**What you are asked to do**:
Repeat exactly the lines of the records below, starting at the line containing "1997 FORD F" and ending at the line containing "Fashionable Long Straight Wig with Air Bangs". Leave the pictures out.

**Records**:

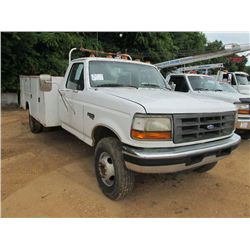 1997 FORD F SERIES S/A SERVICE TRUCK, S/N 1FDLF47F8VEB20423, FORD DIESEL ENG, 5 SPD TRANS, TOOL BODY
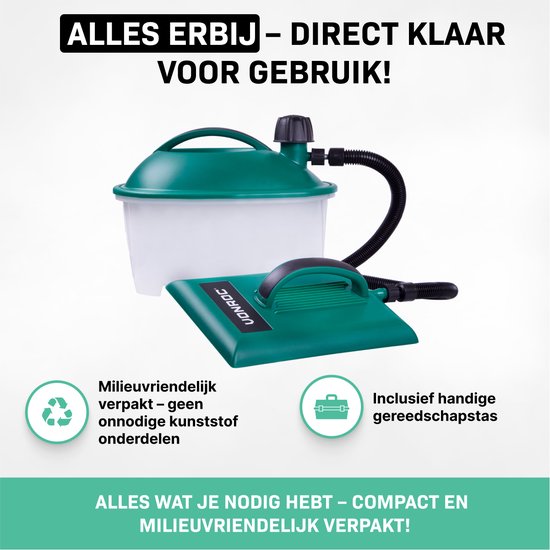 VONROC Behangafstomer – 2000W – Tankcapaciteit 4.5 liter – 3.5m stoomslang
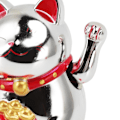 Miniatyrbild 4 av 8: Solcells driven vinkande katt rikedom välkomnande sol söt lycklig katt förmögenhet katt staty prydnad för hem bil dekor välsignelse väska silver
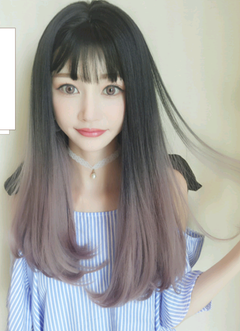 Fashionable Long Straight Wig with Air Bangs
==
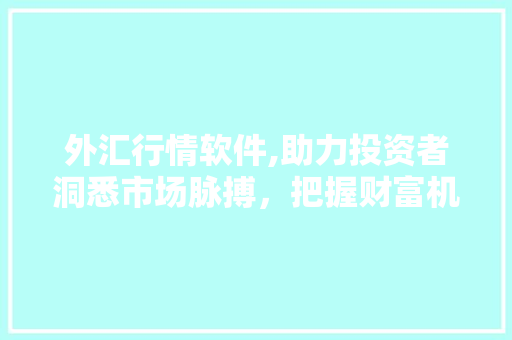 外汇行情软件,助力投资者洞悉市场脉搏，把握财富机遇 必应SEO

**Answer box**:
 1997 FORD F SERIES S/A SERVICE TRUCK, S/N 1FDLF47F8VEB20423, FORD DIESEL ENG, 5 SPD TRANS, TOOL BODY
 VONROC Behangafstomer – 2000W – Tankcapaciteit 4.5 liter – 3.5m stoomslang
 Miniatyrbild 4 av 8: Solcells driven vinkande katt rikedom välkomnande sol söt lycklig katt förmögenhet katt staty prydnad för hem bil dekor välsignelse väska silver
 Fashionable Long Straight Wig with Air Bangs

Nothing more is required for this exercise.